Nevertheless, Romanian cinema has gained acclaim from critics, festivals and viewers alike, whereas Polish cinema lingers on the brink of film festivals, with few, if any, films making the whole academic, festival and journalistic circuits. How is that possible? There is one structural fact worth pointing out. When a state-funded film in Poland generates profit, the subsidy is refunded to the Polish Film Institute, which covers only 50% of the budget (producers and co-producers must cover the rest). This has two consequences. Firstly, Polish filmmakers are more dependent on producers than in countries where the film fund covers a bigger chunk of the production costs. Secondly, the Polish Film Institute itself has a strong incentive to produce films that generate profit – in a country where legislation does not privilege domestic productions very much (cf. France). At the time when the Romanian New Wave started, there was not even a remote chance of making domestic productions that are profitable. Hence, the CNC was forced to back films simply because they fulfilled the session criteria.
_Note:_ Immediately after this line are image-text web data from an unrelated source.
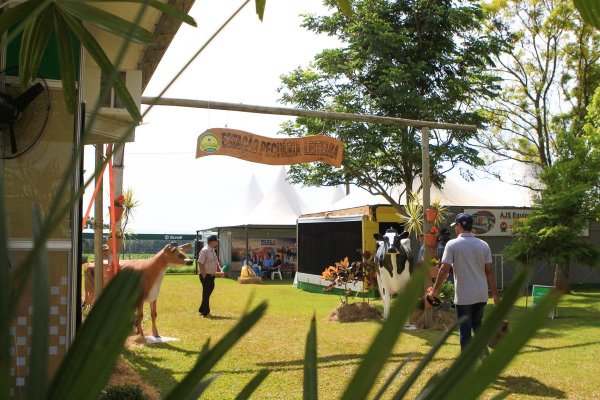 Fomentos da Copagril levam inova&ccedil;&atilde;o para o Dia de Campo 2020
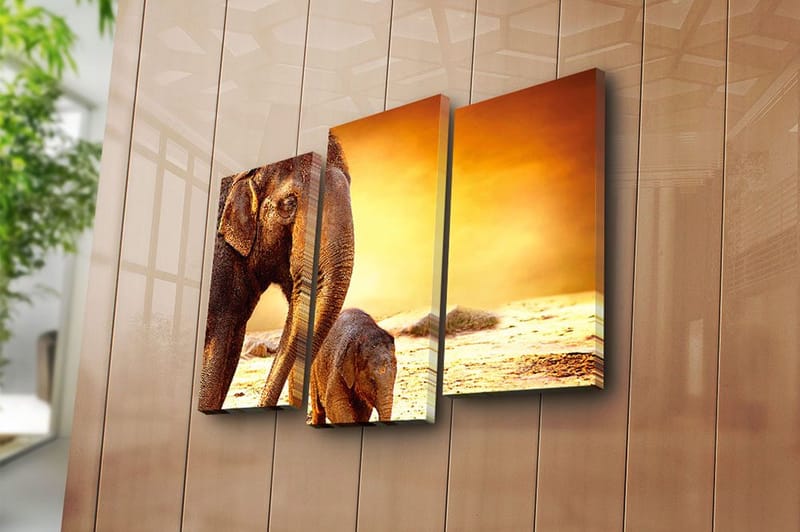 Canvasbilde Animal 3-pk flerfarget - 22x03 cm - Innredning - Bilder & kunst - Lerretsbilder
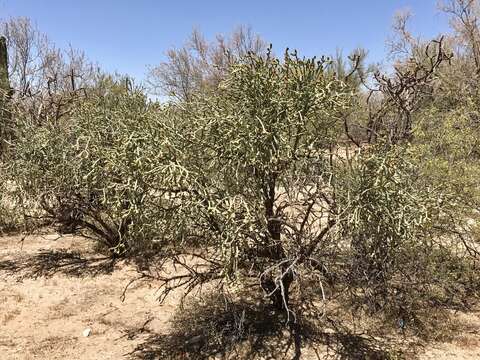 Image of Pencil Cholla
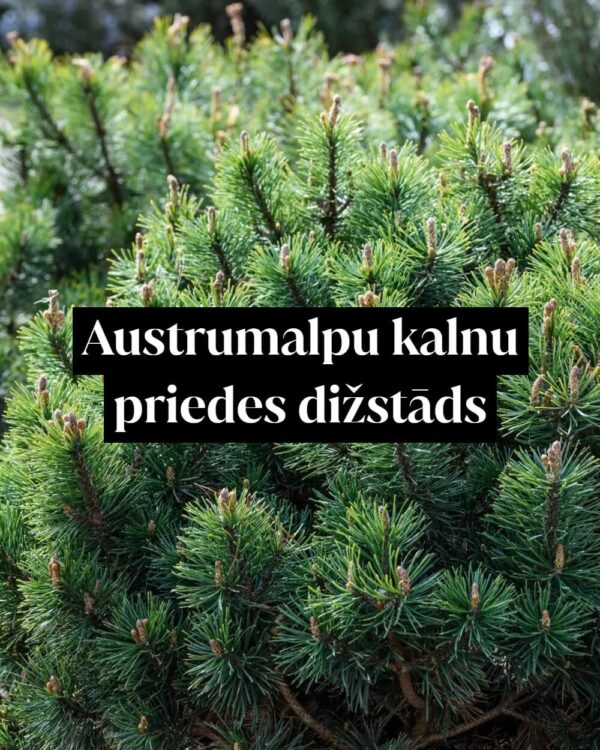Austrumalpu kalnu priedes dižstāds - kupls, izteiksmīgs krūms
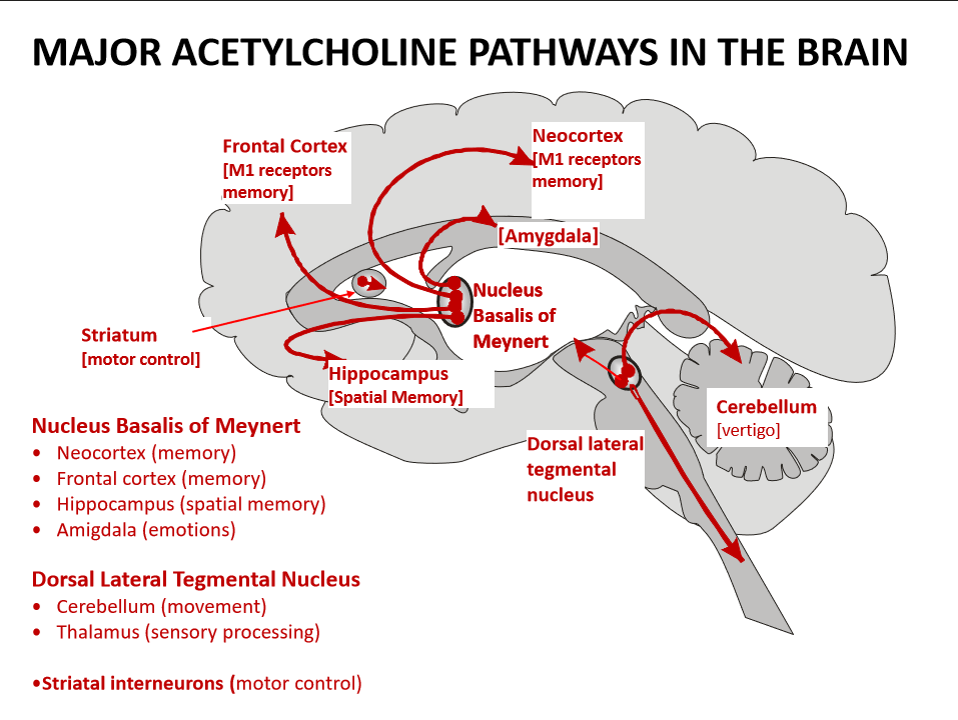 <p>project to neocortex, hippocampus, amygdala</p>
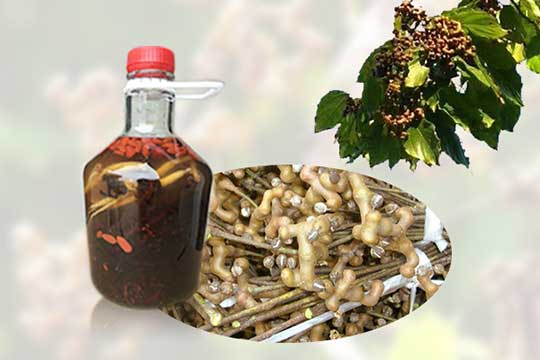 拐棗和什么一起泡酒好，和人參一起泡酒好嗎？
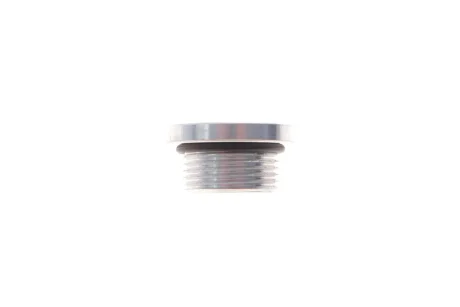 Болт зливу оливи (АКПП) VW e-Golf 14-/e-Crafter 18- (M24x1.5) FEBI BILSTEIN 188327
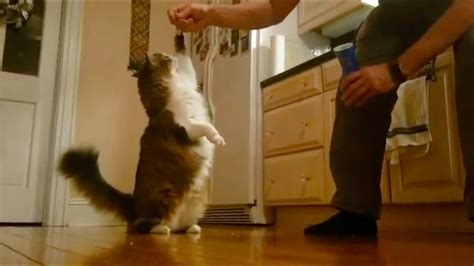 Cat Training: Teaching Tricks Using Positive Reinforcement - YouTube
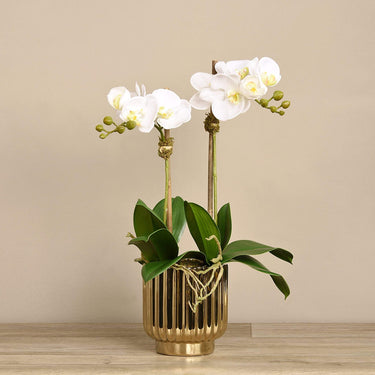 Flowers-Artificial Orchid Arrangement-Bloomr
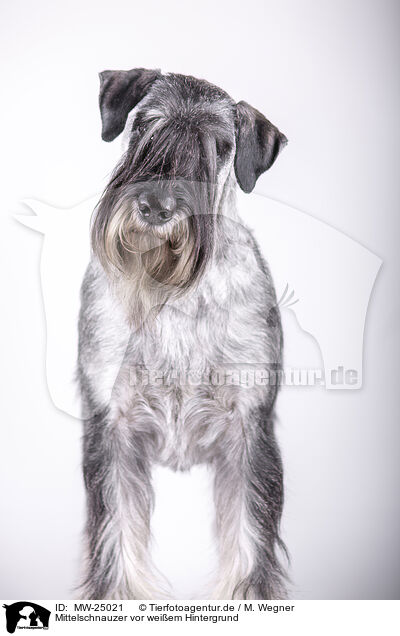 Mittelschnauzer vor weiem Hintergrund / MW-25021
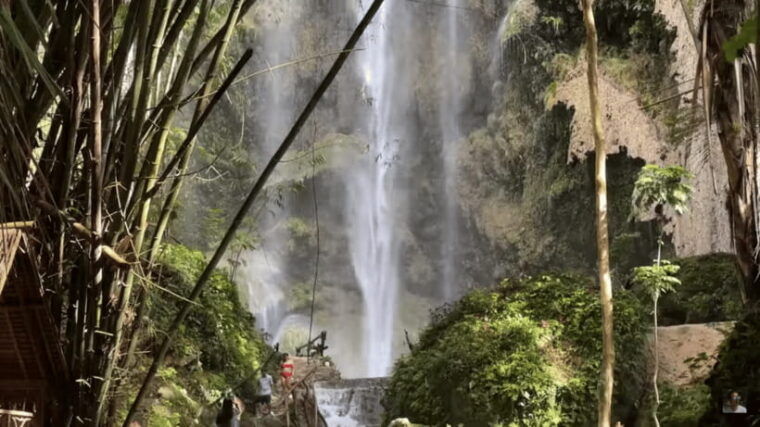 cebu-whale-shark-watching-tumalog-falls-sumilon-island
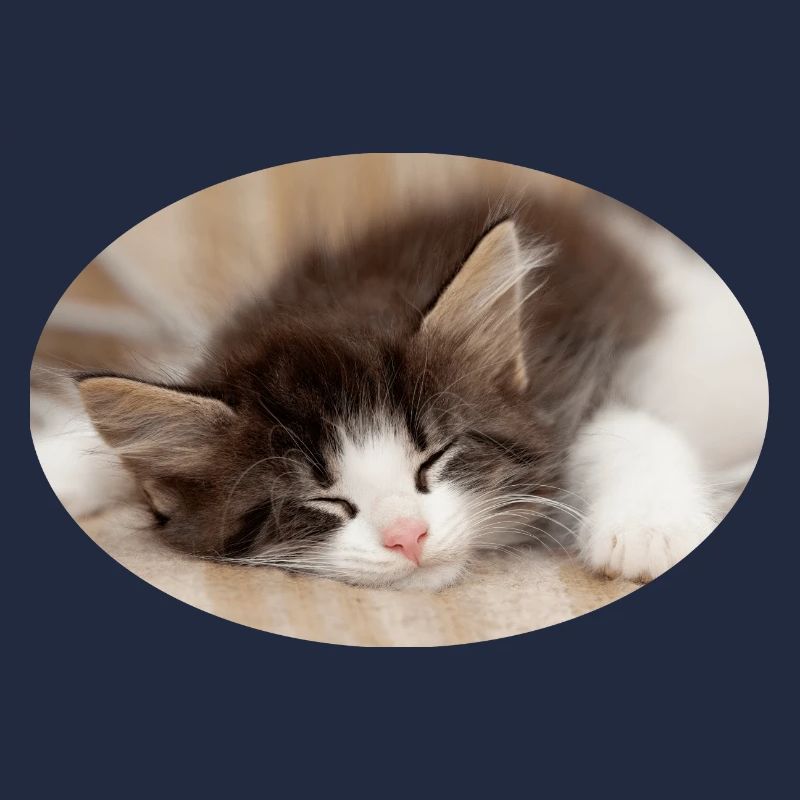 Chat endormi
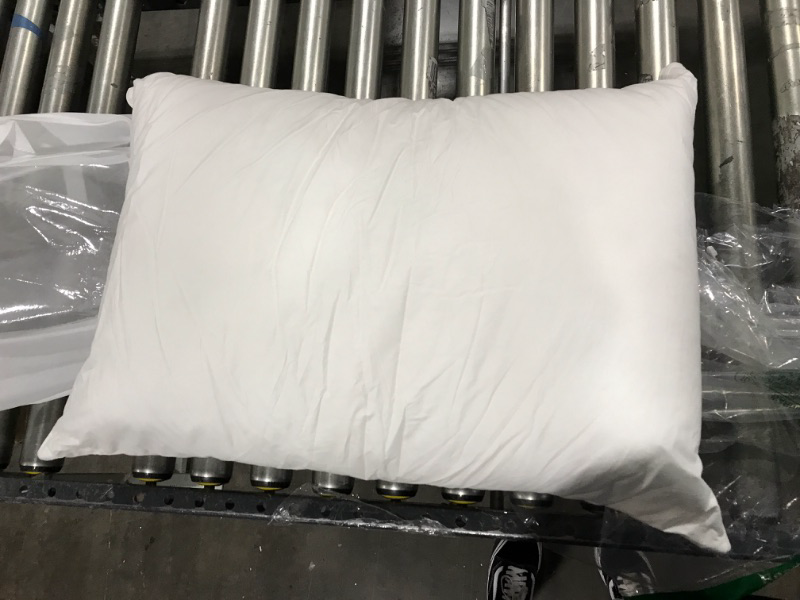 Photo 1 of 27 x 19 pillow 
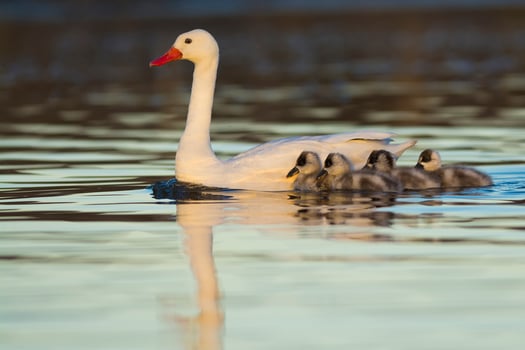 Coscoroba swan with cygnets swimming in a lagoon , La Pampa Province, Patagonia, Argentina. photo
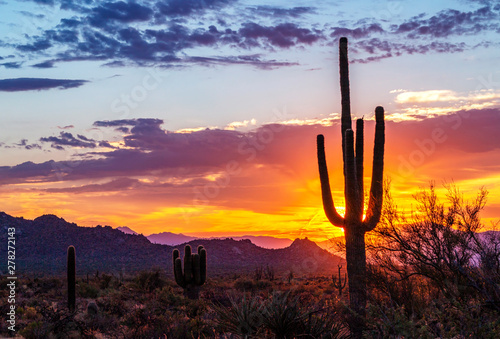 Vibrant Arizona Desert Sunrise With Cactus & Mountains In Background.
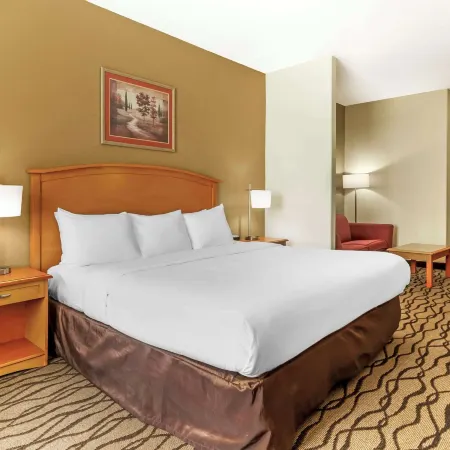 Comfort Inn & Suites Chesapeake - Portsmouth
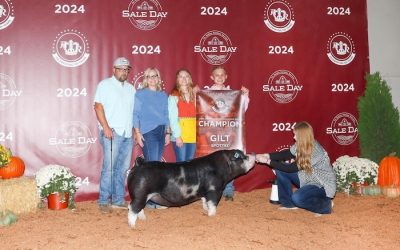 Champion Spot Gilt – 2024 American Royal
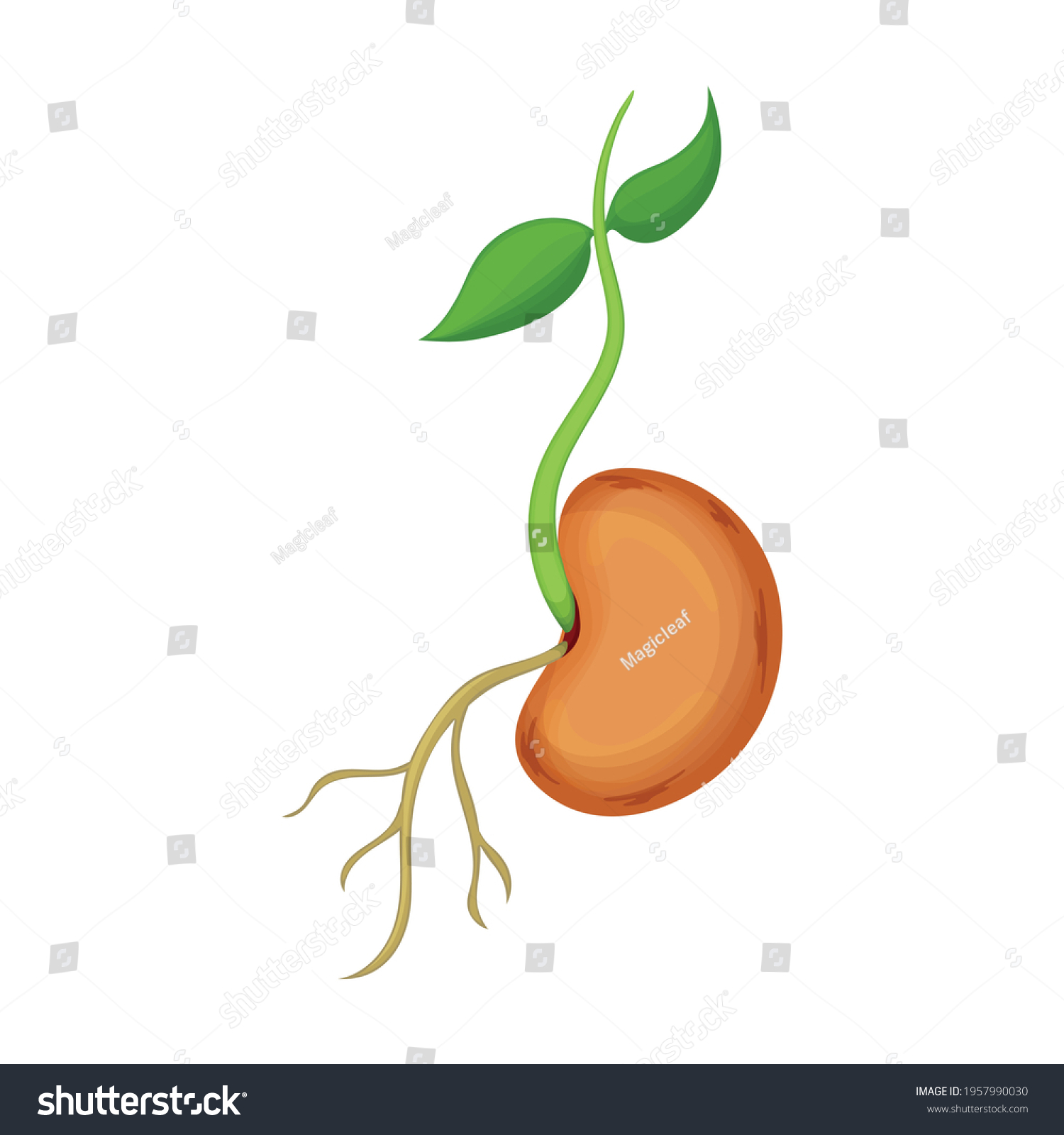 Beans Vector Cartoon Icon Vector Illustration Stock Vector (Royalty ...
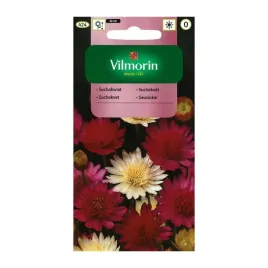 suchokwiat-mieszanka-na-suche-bukiety-vilmorin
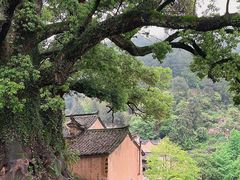 -杨家堂村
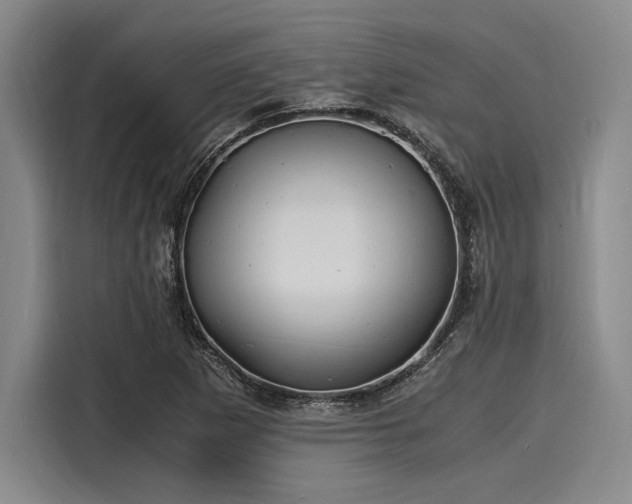 X0000116141265200911301513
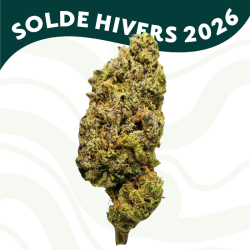 Uranium - Fleur CBD - Au Coeur du Chanvre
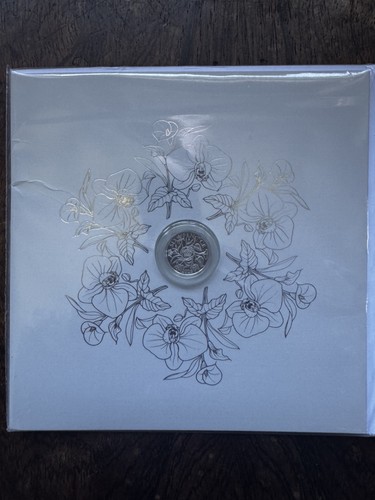 2026 solid silver 925 - 2026,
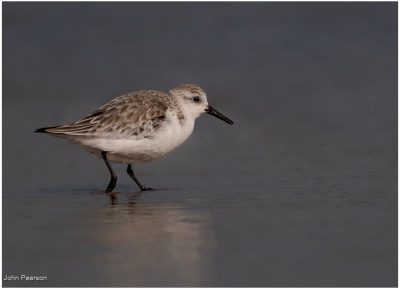 Sanderling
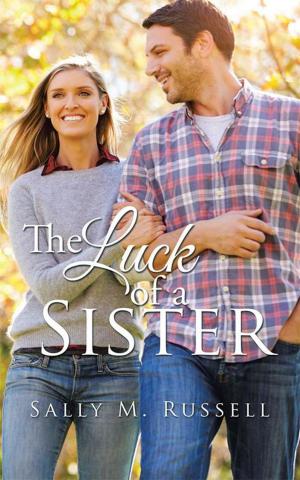 Cover of the book The Luck of a Sister by P.E. Peterson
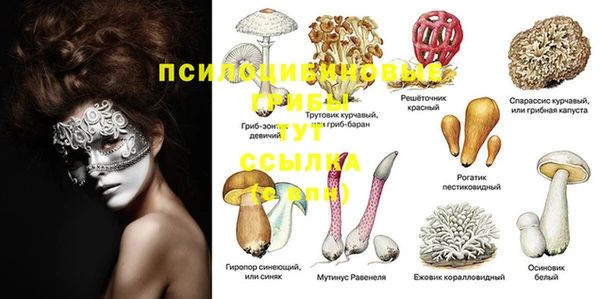 дурь Балахна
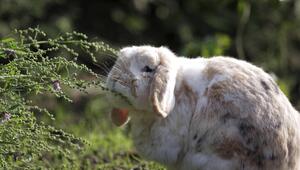 Ein Widderkaninchen sitzt in der Wiese und schnüffelt an einer Pflanze.
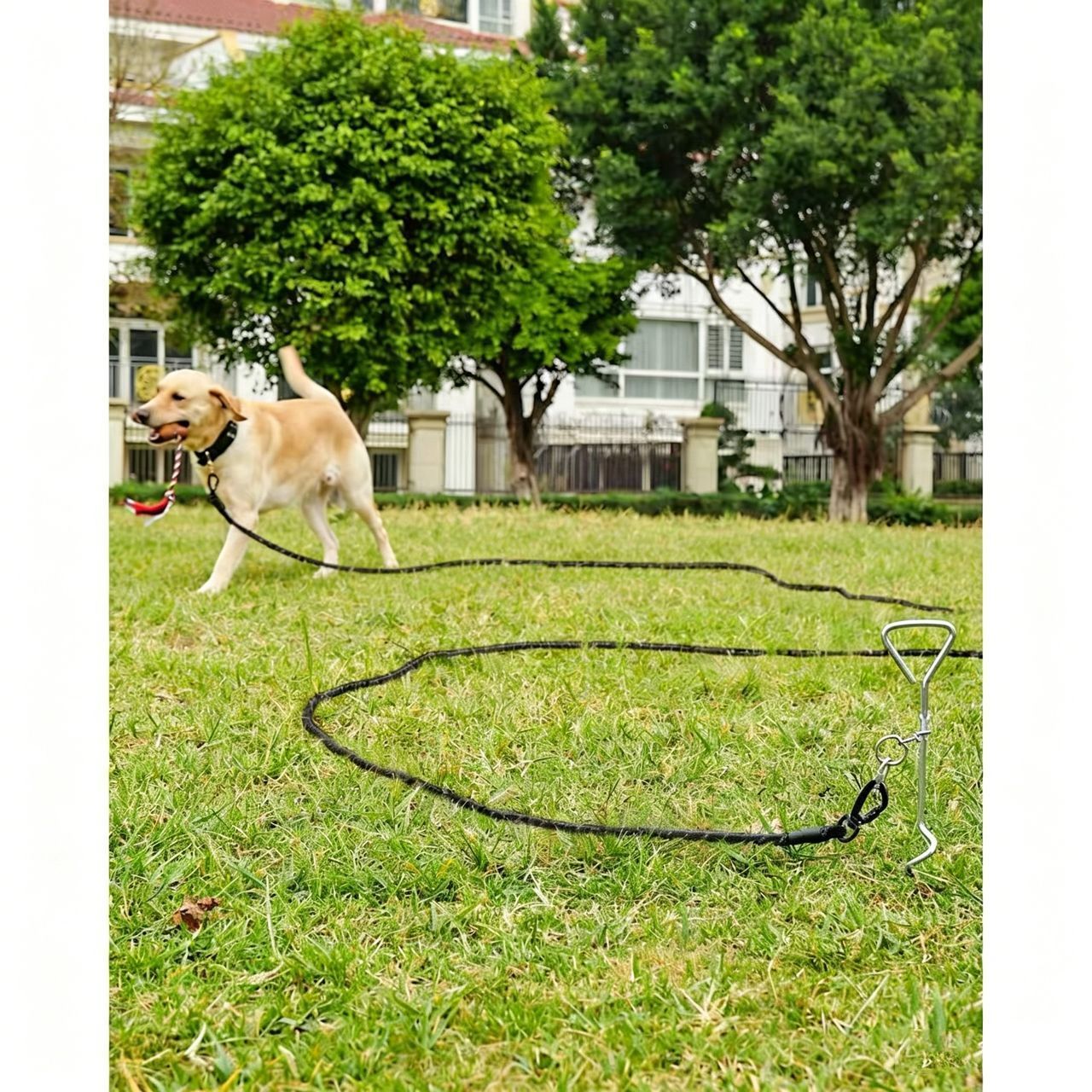 Large Dog Leash Sky Blue - Image 4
It is difficult to laud the CNC. After agreeing to cover 62.5% of the budget of Puiu’s Stuff and Dough (it won a national script competition), they attempted to retreat from that commitment after observing, supposedly, a lack of commercial and artistic appeal. As soon as the film was invited to Cannes, that attitude changed rather quickly. Indeed, most Romanian filmmakers find the institution biased, corrupt, and unfair. Besides, due to the recent decrease in film funding, private film production in Romania has soared. But the detachment from commercial motives seems to have served Romanian cinema rather well. It is easy to overrate the degree to which one can control film culture through state mechanisms, but it is important to explain why Poland’s investment doesn’t appear to pay off (or not as much as one would wish). Like in Germany, there appears to be, in addition to social, political and cultural differences to success stories like Romania, a structural problem: judgements about the quality of a film aren’t left to film connoisseurs, but state bureaucrats and the market. Whether the Romanian state intended to ignore those criteria, or whether it was forced to do so, Romania’s miserable state of the film industry appears to have saved Romanian filmmakers (if by a margin) from ceaseless historical films designed for pleasing both mass audiences and aesthetic demands. Perhaps, the future of Polish cinema lies with alternative forms of financing: Anka and Wilhelm Sasnal financed their two collaborative features It Looks Pretty From a Distance and Parasite with the help of private art galleries… A sign of hope?

This month, we will be attending the goEast Film Festival in Wiesbaden (April 9-15) for the fourth time in a row and are equally happy to support the A l’Est du Nouveau festival in Rouen and Mont-Saint-Aignan (April 11-18) as media partners. For our current regional focus on Poland, we saw Malgosha Gago and Boleslaw Sulik’s Les Ombres de Casablanca, which revolves around a Polish spy who worked for British and US intelligence (we also interviewed Gago for our Interviews section). Meanwhile, Tomasz Wasilewski’s Floating Skyscrapers marks Polish cinema’s first foray into gay cinema – the film chronicles a young man’s internal struggle with his sexual identity. Julia Zelman saw Juraj Lehotský’s Miracle (Slovakia), The Priest’s Children (Croatia), and Quod Erat Demonstrandum (Romania), the latest feature by Andrei Gruzsniczki, whom she interviewed as well. In our Retrospectives section, you will find an analysis of Jerzy Kawalerowicz’s Night Train through the lense of unsolved episodes and traumas of Poland’s recent past. Finally, we travel to the Caucasus: Moritz Pfeifer critiques I’m Going to Change My Name, a poetic coming-of-age story by Armenian director Maria Saakyan, while Konstanty Kuzma saw Paradjanov, a conventional (if off-key) biopic about the famous Georgian-Armenian filmmaker.